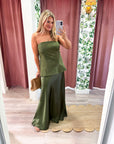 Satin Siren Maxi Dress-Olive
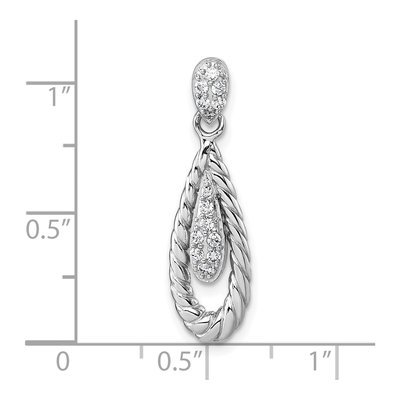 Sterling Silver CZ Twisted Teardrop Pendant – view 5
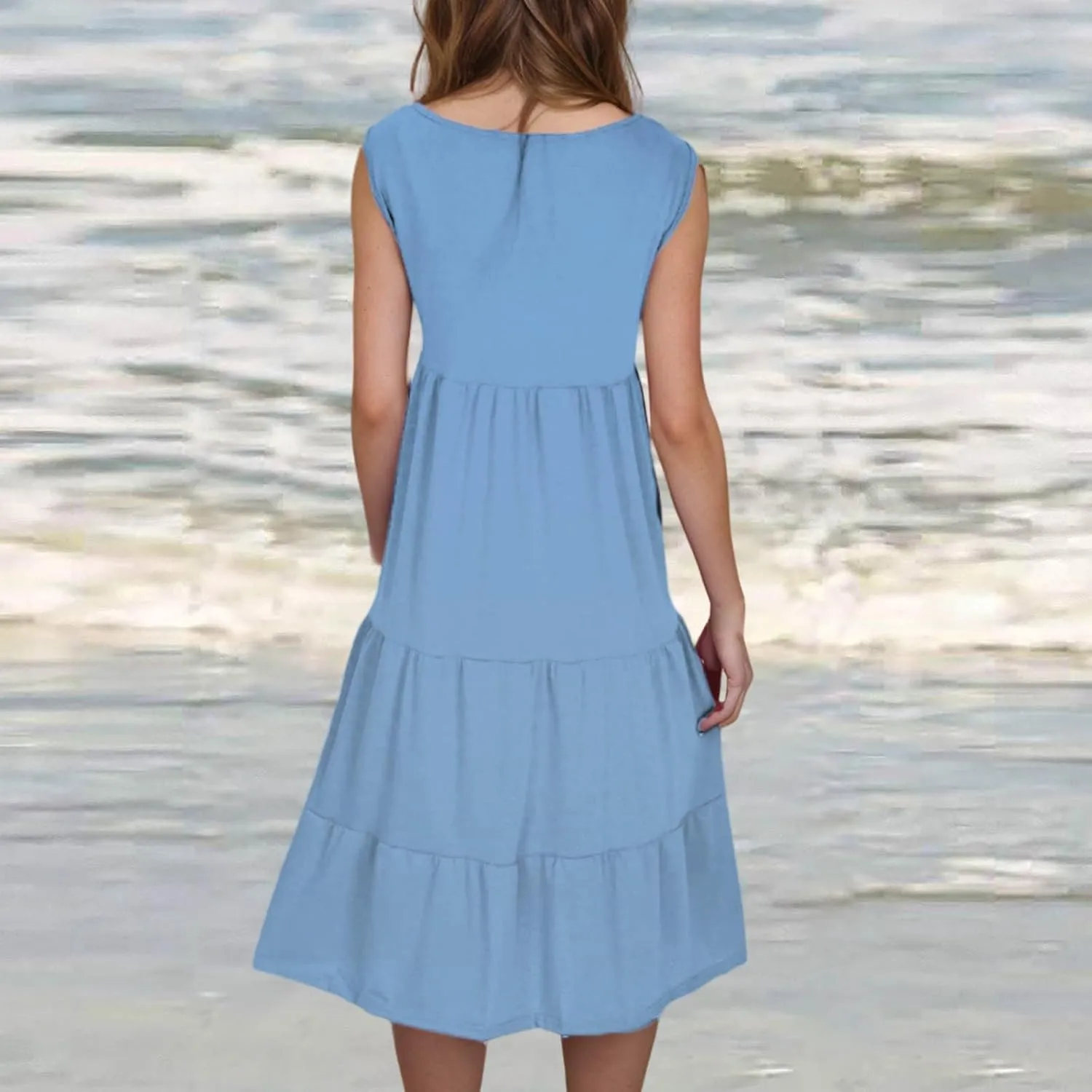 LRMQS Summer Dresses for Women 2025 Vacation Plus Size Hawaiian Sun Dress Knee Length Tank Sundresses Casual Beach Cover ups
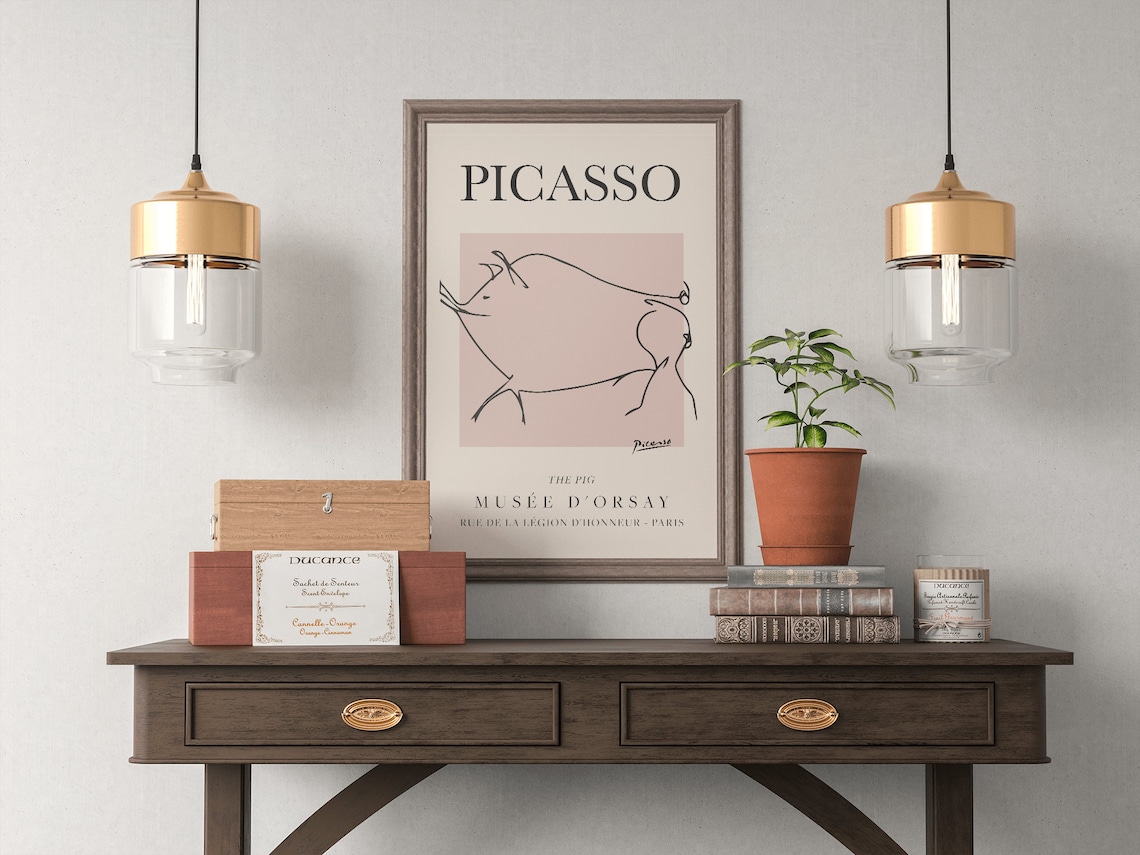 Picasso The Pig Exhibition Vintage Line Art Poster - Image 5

▶ [Assignment]: Copy the listing above in full and exactly, but omit each picture that it holds.

▶ [Task response]:
 Satin Siren Maxi Dress-Olive
 Sterling Silver CZ Twisted Teardrop Pendant – view 5
 LRMQS Summer Dresses for Women 2025 Vacation Plus Size Hawaiian Sun Dress Knee Length Tank Sundresses Casual Beach Cover ups
 Picasso The Pig Exhibition Vintage Line Art Poster - Image 5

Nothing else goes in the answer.